Stripes is one of my favorite movies. Starring Saturday Night Live comedians Bill Murray and John Candy, the 1981 hit movie features a scene in which new Army recruits (including Murray and Candy) are in a “get-acquainted” circle with their basic training platoon sergeant. Each recruit tells the backstory for why he decided to join the Army.
It is finally Murray’s turn. “Now I know why I have always lost women to guys like you,” he tells his fellow trainees, “I mean, it’s not just the uniform. It’s the stories that you tell. So much fun and imagination.”

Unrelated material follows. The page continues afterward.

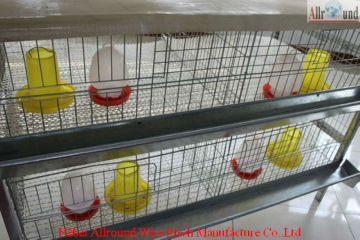 Chicken raising cage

There has been a lot of research done to conclude what moves the needle on a customer’s affinity scale. Some have claimed that reducing the effort (a.k.a., hassle and red tape) can have far more of an impact on a customer’s evaluation than customer delight—a catchall phrase for taking customer expectations and adding to it (a.k.a., value-added).
Value-added, by definition, contains a dead-end street. As you add more, customer expectations can climb right along with it. Upgrade me from coach to a first-class seat on an airline flight and guess what I will expect on my next flight. Obviously, at some point this linear approach can run you out of room, unless you plan on going bankrupt.
Value-unique is different. It involves ingenuity more than generosity—focusing on distinctive instead of more, on the unexpected instead of a pattern. We love Cracker Jacks because of the free prize inside. While you know there is one in the box, you never know what it was going to be. There is no limit to creative ways to surprise your customers.
There is another important feature to value-unique customer experiences. Unlike value-added, which might yield a customer recommendation, value-unique creates a story. Enthusiastic stories about a customer experience clearly move the needle on the customer’s affinity scale. It is much like the difference between a newspaper ad and a movie trailer. The goal is to make your customers’ experiences so compelling and engaging they can’t wait to tell the story to others. To paraphrase Private John Winger, make your customers’ experiences filled with “so much fun and imagination.”